A collaboratively engineered 200-sample × 48-feature dataset of refractory ceramics and composites,
built by a 4-member team using physics-informed feature engineering across 8 material property domains.
📋 Website : https://imi-project.vercel.app/
- Project Overview
- Dataset Summary
- Repository Structure
- Data Pipeline
- Team Contributions
- Feature Groups at a Glance
- Material Classes
- Target Variables
- Setup & Usage
- Output Files
This project constructs a structured, ML-ready dataset for Ultra-High Temperature Materials (UHTMs) — refractory ceramics used in hypersonic re-entry vehicles, thermal protection systems (TPS), and aerospace leading-edge components.
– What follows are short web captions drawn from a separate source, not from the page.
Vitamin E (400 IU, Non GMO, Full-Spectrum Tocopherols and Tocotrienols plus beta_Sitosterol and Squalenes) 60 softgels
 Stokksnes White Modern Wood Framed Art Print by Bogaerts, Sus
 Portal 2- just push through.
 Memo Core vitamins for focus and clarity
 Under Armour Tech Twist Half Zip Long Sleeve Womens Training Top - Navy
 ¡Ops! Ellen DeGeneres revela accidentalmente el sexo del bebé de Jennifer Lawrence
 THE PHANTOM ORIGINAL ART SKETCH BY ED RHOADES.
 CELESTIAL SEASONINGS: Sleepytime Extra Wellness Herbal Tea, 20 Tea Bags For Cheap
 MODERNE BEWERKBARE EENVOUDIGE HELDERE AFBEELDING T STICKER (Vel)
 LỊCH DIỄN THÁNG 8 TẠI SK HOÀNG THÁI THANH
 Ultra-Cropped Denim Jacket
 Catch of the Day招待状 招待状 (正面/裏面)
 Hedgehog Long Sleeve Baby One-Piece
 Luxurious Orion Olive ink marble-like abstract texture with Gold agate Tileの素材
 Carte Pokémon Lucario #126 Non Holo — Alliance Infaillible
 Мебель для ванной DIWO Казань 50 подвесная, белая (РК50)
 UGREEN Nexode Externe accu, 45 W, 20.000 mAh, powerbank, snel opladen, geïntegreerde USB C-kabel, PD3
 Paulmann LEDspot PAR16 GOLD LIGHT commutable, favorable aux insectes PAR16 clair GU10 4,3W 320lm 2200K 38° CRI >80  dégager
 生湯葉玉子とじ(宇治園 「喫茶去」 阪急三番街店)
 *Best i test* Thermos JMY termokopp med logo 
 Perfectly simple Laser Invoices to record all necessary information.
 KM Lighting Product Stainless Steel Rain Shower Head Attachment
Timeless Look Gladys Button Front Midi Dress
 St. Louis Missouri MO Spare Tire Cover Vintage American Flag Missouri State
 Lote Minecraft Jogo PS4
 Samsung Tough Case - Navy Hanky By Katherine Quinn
The dataset covers 10 material families (carbides, borides, nitrides) and their composites/doped variants across 8 physical property domains, with 3 supervised regression targets. All features are derived from 5 literature-anchored material properties using validated physical relations plus realistic Gaussian noise (np.random.seed(42)).
Key design principles:
- Each of the 4 team members owns a distinct physical domain → clean separation of concerns
- All features trace back to 5 shared anchors (
Tₘ,ρ,vₑ,ΔEN,Pₛ) → internally consistent dataset - Reproducible: fixed seed, shared base file, merge validation enforced programmatically
| Property | Value |
|---|---|
| Total Samples | 200 (100 experimental + 100 synthetic) |
| Feature Columns | 48 (F01–F48) |
| Target Columns | 3 (T1–T3) |
| Metadata Columns | 5 (Sample_ID, Material_System, Source_Type, Synthesis_Method, Crystal_Structure) |
| Total Columns | 56 |
| Material Families | 10 base + composites + doped variants |
| Random Seed | 42 (all scripts) |
| Final Output | UHTM_final_200x48.xlsx + UHTM_final_200x48.csv |
IMI-Project-main/
│
├── Aadi-Dev/ # Member 1 — Thermodynamic + Electronic
│ ├── dataset.py # ★ Generates F01–F12
│ ├── Aadi.xlsx # Output: 200 × 17 (meta + 12 features)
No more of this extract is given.